Namun, diperoleh informasi bahwa ketiga paslon keberatan dan akan walk out apabila Ratu Ati Marliati tetap mengikuti Tes Kesehatan. Untuk memastikan paslon lain tidak walk out, Irfan mendatangi Paslon No 1 Ali Mujahidin dan Firman Mutakin) dan Paslon No. 3 ( Iye Iman Rohiman dan H. Awab) dalam rangka memastikan yang bersangkutan tetap melanjutkan pemeriksaan Kesehatan.

“Jika walk out sudah dipastikan akan merusak tahapan yang telah dijadwalkan. Tidak hanya saya yang memastikan paslon lain agar tetap mengikuti proses tes kesehatan, anggota KPU Kota Cilegon lainya pun sama memastikan paslon yang sedang Tes Kesehatan agar tetap fokus sampai proses selesai,’ tambahnya.

Dalam sidang pemeriksaan ini, Pengadu menghadirkan dua orang saksi yaitu Helldy Agustian, Paslon No. 4  dan Ali Muhajidin, Paslon No. 1.Dalam keterangan yang disampaikan, Helldy Agustian menjelaskan bahwa dia beserta wakilnya Sanuji Pentamarta melakukan tes kesehatan mulai tanggal 7 sampai 10 September 2020. Sebelumnya semua calon telah dilakukan pemeriksaan swab di Rumah Sakit Krakatau Steel (RSKM-red).
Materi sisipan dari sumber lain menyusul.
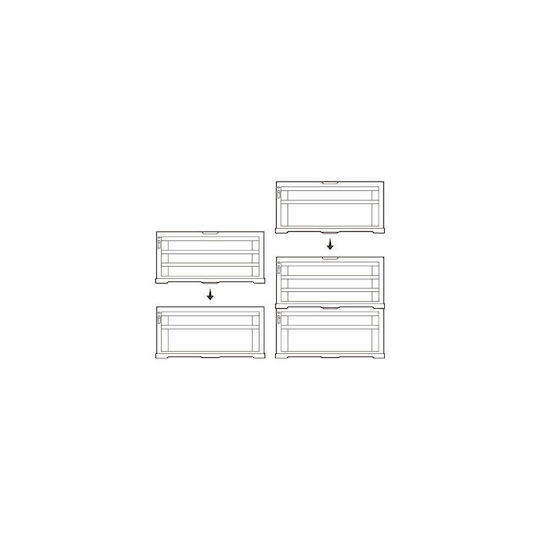 Keter Metallic Tool Carrier with Toolbox and Cabinet W56.2xD28.9xH26.2cm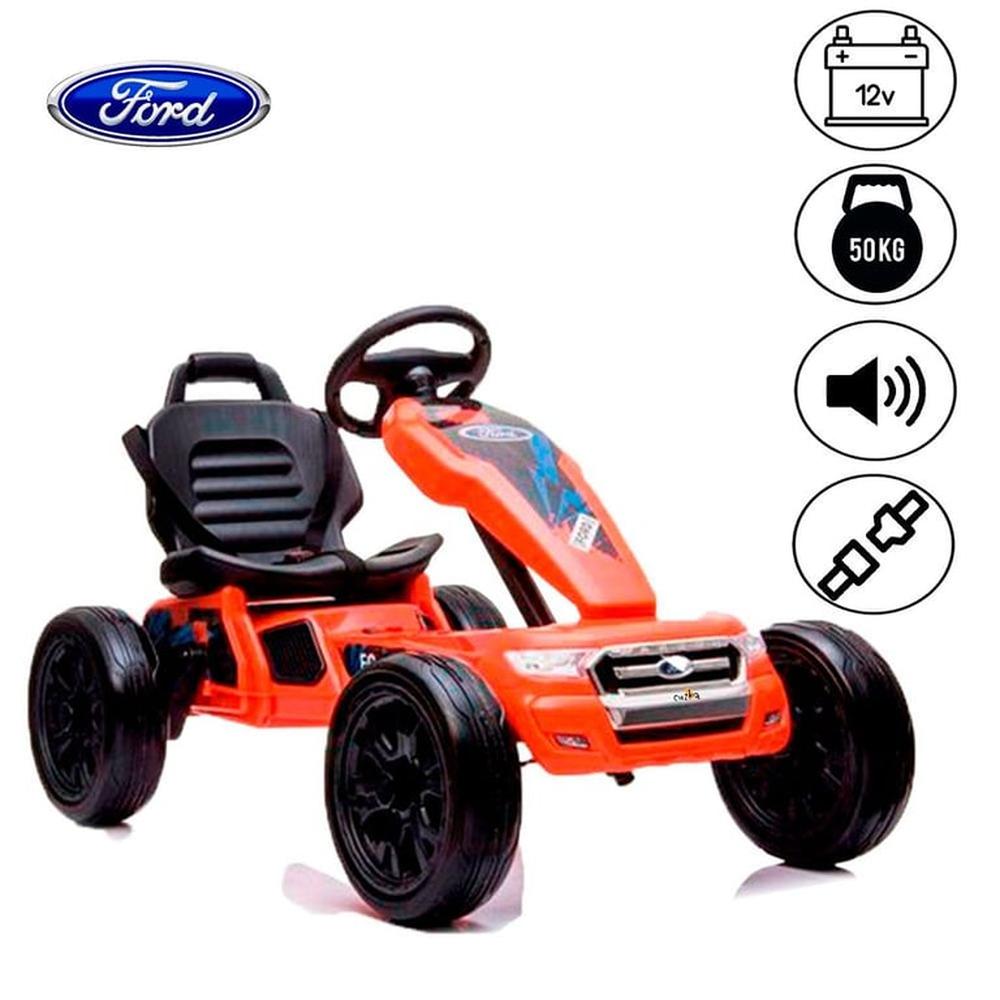 Carro A Batería Ford «Go-Kart» Licenciado Red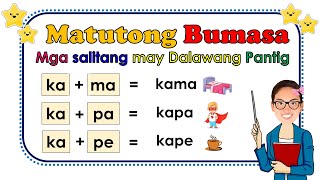 FILIPINO Reading Lesson Part 2 ll Mga Salitang may DALAWANG PANTIG ll Teacher Ana Online Learning [upl. by Immaj]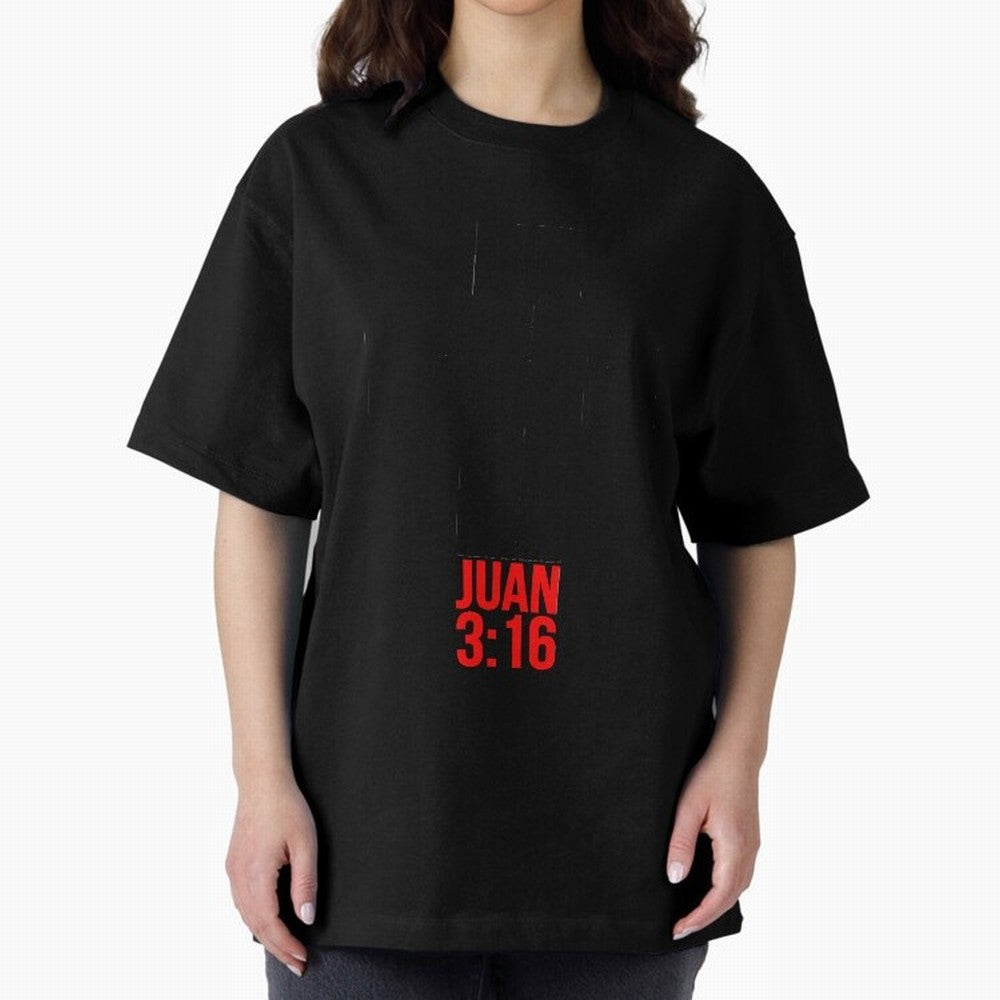 Porque de tal manera amo Dios al mundo - Mensajes Biblicos para Cristianos - Spanish Biblical Quotes for Christians Oversized T-Shirt Discover FIFA World Cup 2026 for Fans of Messi, Neymar and Mbappe and Germany, Bringing Football Passion,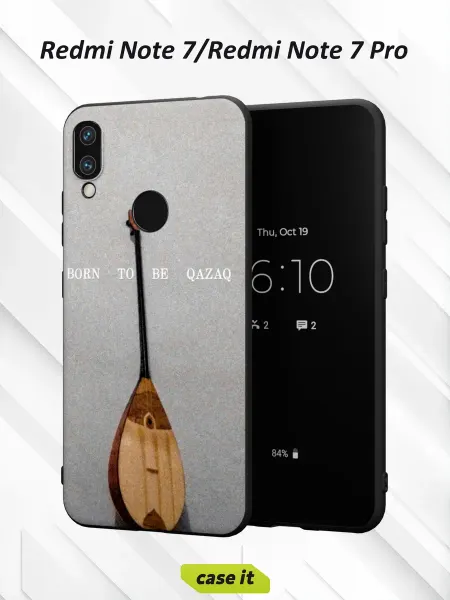 Case it Чехол на Redmi Note 7с принтом Домра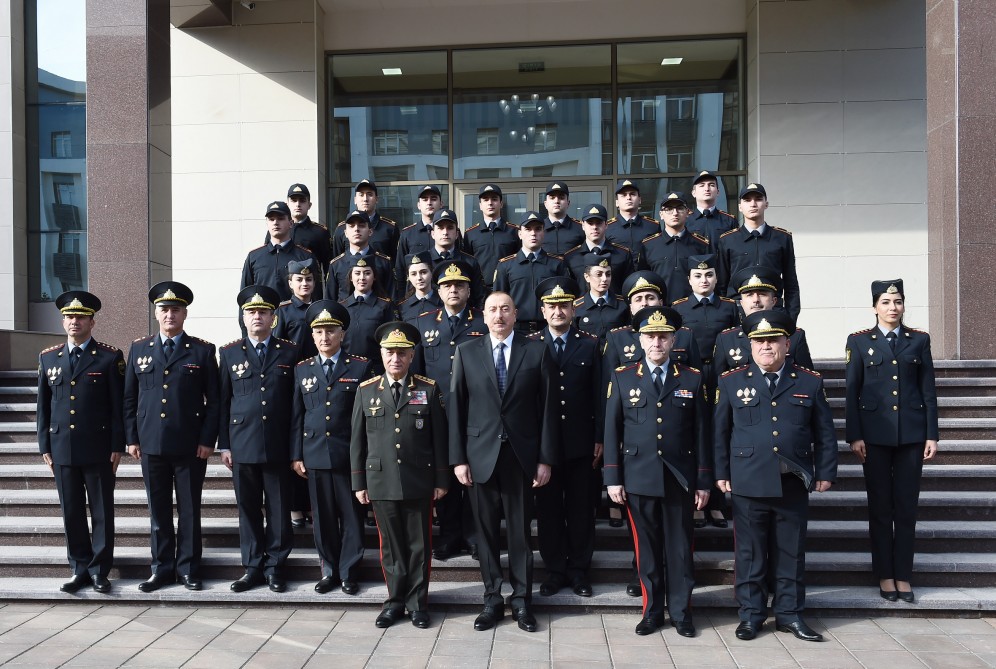 Ильхам Алиев принял участие в открытии нового учебного здания в Полицейской академии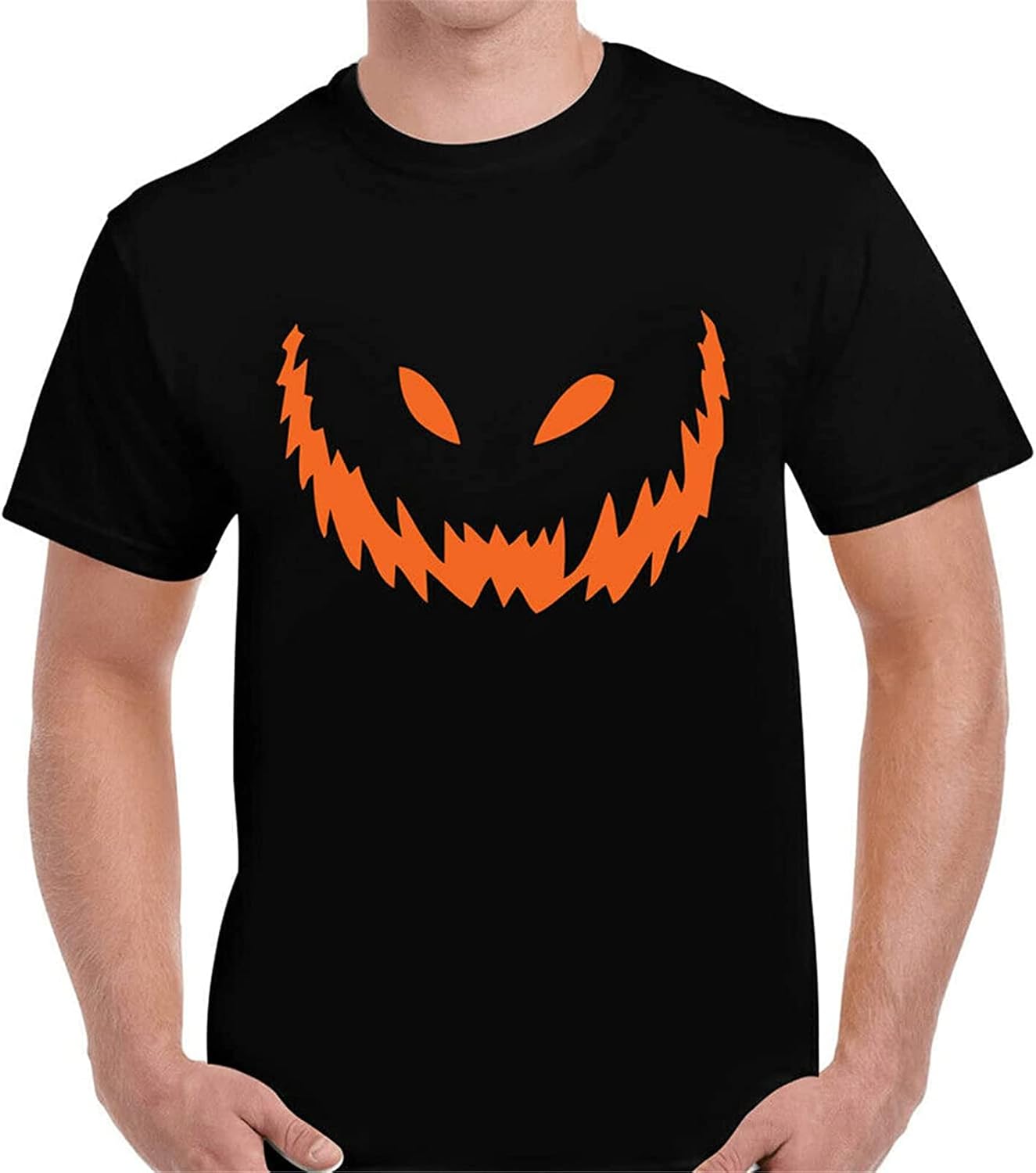 Men s Popular Halloween Spooky Face Mens Unisex Mens Women T Shirt Mens Women T Shirt Tee S чёрный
Pada tanggal 7 September 2020 itu juga semua paslon melakukan pemeriksaan di RSUD Kota Cilegon.

“Pada tanggal 8 September, saya tidak mengetahui (adanya salah satu calon yang positif Covid-19-red) karena memang ruangan kami berbeda dengan paslon yang lain. Jadi ada empat ruangan,” kata Heldy.

“Kami tahu tanggal 9 september pagi, saat masuk ke RSUD ada ramai-ramai.  Kemudian Ali Muhajidin memberitahu bahwa paslon nomor 2 terkena Covid. Jadi pada saat itu saya tetap masuk ke ruangan, karena saya ingin tahapan terus berlanjut,” tutupnya.

Sidang ini dipimpin oleh Anggota DKPP, Teguh Prasetyo  yang bertindak sebagai Ketua Majelis. Ia didampingi oleh Anggota Tim Pemeriksa Daerah (TPD) Provinsi Banten yang bertindak Anggota Majelis, yaitu Rohimah.(TPD Unsur KPU), M.Nasehudin (Unsur Bawaslu), dan Drs.Solihin.,M.Pd (Unsur Masyarakat).